7 See, for example, the Commission's Guidelines on Vertical Restraints, paragraph 226: "the practice of recommending a resale price to a reseller or requiring the reseller to respect a maximum resale price is covered by the VABER when the market share of each of the parties to the agreement does not exceed the 30 % threshold, provided it does not amount to a minimum or fixed sale price as a result of pressure from, or incentives offered by, any of the parties".

8 An arrangement would be capable of benefitting from individual exemption where it satisfies the following four cumulative criteria: (i) the arrangement contributes to improving production or distribution, or promoting technical or economic progress; (ii) the arrangement allows consumers a fair share of the resulting benefit; (iii) the arrangement does not impose restrictions on the parties concerned that are not indispensable to attaining those objectives; and (iv) the arrangement does not afford the parties concerned the possibility of eliminating competition in respect of a substantial part of the products in question.

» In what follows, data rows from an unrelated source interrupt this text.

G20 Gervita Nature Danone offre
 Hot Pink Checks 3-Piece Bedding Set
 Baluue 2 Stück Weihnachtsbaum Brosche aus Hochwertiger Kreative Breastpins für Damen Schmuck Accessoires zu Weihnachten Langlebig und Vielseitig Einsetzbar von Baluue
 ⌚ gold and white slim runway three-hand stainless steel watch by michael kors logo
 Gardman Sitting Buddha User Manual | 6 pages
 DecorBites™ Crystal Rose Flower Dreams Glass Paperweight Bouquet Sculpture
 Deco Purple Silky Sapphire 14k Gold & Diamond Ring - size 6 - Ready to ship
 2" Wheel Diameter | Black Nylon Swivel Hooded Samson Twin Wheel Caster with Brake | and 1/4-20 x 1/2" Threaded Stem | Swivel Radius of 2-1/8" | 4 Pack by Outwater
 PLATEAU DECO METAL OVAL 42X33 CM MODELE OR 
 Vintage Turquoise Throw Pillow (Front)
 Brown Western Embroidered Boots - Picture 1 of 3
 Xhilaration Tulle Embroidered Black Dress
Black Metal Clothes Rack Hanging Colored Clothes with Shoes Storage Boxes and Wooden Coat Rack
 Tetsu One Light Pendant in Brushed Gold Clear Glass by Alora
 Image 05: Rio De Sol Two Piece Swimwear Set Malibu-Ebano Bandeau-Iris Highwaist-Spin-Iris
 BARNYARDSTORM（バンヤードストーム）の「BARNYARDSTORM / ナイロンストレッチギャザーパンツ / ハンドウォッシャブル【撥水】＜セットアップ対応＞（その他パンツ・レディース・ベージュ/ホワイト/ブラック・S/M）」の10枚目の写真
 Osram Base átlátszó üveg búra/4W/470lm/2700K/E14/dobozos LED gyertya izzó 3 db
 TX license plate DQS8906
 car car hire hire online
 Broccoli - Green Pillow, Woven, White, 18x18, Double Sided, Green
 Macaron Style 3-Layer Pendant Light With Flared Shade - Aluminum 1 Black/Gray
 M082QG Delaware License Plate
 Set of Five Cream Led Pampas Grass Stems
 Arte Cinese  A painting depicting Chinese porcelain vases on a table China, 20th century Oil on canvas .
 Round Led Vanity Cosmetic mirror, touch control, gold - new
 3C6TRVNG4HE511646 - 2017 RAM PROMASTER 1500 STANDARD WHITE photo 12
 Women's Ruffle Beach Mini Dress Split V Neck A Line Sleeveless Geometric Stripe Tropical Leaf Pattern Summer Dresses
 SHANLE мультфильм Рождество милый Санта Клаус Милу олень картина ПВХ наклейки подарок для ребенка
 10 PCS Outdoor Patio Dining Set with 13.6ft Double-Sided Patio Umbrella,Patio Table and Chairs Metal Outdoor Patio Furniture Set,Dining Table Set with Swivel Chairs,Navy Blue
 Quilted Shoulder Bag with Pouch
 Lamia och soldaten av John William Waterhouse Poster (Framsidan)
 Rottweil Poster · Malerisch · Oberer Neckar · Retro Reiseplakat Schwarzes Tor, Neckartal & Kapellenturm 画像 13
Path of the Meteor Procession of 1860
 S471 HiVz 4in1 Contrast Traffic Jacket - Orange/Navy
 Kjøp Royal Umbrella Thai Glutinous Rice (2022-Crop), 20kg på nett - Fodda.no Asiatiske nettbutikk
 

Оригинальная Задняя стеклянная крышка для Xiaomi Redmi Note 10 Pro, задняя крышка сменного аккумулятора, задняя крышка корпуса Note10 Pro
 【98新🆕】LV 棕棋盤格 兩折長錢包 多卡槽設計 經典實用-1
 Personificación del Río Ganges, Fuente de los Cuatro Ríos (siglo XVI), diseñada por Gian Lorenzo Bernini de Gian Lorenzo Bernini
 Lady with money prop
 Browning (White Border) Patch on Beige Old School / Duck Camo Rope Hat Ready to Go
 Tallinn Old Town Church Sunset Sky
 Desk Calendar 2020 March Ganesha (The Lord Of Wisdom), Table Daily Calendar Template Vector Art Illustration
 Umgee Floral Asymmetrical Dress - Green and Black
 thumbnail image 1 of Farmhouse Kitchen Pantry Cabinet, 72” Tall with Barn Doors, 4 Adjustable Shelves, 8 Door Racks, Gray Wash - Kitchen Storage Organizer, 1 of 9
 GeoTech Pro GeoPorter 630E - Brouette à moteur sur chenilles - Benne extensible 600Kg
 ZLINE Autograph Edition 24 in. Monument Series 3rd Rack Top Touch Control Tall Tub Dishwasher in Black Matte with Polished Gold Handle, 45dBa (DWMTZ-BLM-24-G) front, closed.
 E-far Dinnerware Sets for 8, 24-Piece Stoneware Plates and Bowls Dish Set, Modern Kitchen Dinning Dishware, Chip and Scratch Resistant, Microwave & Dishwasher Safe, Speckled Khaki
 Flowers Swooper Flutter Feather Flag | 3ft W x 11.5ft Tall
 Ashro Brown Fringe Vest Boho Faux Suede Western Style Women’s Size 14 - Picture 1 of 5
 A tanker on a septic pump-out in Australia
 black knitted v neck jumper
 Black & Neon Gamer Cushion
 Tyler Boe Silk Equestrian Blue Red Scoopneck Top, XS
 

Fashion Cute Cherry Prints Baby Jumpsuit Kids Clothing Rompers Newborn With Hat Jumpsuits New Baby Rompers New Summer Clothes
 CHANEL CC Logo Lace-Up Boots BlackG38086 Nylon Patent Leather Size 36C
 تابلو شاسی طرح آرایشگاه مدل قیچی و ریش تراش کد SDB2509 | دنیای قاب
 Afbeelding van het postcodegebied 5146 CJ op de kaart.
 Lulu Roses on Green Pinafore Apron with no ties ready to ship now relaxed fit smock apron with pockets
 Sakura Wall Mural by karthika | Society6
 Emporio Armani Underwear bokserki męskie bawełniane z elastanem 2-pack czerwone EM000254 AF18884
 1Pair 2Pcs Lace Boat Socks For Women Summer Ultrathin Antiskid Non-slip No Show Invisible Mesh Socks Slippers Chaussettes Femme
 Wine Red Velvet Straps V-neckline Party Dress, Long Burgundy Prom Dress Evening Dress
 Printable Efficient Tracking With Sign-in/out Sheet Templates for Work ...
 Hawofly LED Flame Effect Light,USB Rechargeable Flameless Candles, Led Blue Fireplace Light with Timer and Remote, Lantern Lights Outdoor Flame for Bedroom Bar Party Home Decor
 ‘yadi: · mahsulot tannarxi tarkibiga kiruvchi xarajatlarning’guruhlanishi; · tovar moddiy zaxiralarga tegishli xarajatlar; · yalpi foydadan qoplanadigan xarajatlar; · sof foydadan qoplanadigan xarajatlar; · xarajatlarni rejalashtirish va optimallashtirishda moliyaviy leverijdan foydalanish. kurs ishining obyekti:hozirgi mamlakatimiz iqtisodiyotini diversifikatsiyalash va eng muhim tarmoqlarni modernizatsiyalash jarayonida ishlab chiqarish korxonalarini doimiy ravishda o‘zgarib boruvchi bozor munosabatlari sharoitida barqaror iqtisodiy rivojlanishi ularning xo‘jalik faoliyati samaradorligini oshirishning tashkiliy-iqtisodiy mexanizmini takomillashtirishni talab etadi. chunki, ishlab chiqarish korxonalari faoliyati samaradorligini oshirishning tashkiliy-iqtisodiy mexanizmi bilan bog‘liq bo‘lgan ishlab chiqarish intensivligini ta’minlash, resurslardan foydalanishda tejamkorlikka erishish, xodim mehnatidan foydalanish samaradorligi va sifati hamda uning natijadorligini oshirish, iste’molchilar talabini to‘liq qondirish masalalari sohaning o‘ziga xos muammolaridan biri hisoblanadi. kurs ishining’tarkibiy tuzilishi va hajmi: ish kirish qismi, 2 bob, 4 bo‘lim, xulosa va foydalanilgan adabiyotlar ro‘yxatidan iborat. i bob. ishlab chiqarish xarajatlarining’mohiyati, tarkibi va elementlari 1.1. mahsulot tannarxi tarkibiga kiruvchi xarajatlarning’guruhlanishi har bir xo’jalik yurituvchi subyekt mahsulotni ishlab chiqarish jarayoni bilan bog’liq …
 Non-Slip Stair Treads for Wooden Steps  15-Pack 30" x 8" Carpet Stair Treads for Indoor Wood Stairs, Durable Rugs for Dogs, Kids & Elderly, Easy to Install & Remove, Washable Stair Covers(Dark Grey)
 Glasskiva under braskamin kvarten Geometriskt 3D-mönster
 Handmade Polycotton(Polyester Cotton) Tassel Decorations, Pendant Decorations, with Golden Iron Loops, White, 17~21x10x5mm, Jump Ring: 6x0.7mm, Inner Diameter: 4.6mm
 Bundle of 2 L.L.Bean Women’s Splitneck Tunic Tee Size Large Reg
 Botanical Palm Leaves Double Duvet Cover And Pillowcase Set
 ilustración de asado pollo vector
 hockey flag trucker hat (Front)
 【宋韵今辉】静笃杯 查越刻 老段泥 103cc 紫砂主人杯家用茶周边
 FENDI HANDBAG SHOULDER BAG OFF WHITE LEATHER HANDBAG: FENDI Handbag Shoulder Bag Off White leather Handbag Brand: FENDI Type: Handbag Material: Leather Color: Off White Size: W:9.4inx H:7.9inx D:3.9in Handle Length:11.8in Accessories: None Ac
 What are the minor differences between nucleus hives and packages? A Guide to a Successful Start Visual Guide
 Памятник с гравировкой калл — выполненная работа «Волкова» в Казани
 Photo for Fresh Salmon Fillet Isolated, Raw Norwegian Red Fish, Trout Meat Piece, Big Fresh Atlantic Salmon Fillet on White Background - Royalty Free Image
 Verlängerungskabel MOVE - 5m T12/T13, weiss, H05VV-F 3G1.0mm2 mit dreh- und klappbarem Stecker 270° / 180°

Importantly, it is for the party seeking to rely upon an exemption to evidence that the four cumulative criteria are satisfied by the arrangement.

9 In very limited circumstances, it may be possible for a party to demonstrate that RPM is capable of benefitting from individual exemption under Article 101(3) TFEU. In this context, the Commission's Guidelines on Vertical Restraints provide high level examples of instance where consumers demonstrably benefit from manufacturers' use of RPM over a necessarily limited time period; the Commission suggests that RPM "may be helpful during the introductory period of expanding demand to induce distributors to better take into account the manufacturer's interest to promote the product. ...Similarly, fixed resale prices, and not just maximum resale prices, may be necessary to organise in a franchise system or similar distribution system applying a uniform distribution format a coordinated short term low price campaign (2 to 6 weeks in most cases) which will also benefit the consumers", see the Commission's Guidelines on Vertical Restraints, paragraph 225.

10 For completeness, individuals would not face criminal sanctions under the so-called Cartel Offence in the UK in respect of RPM that occurs at different levels of the supply chain (i.e. RPM agreed between a manufacturer and its appointed retailers).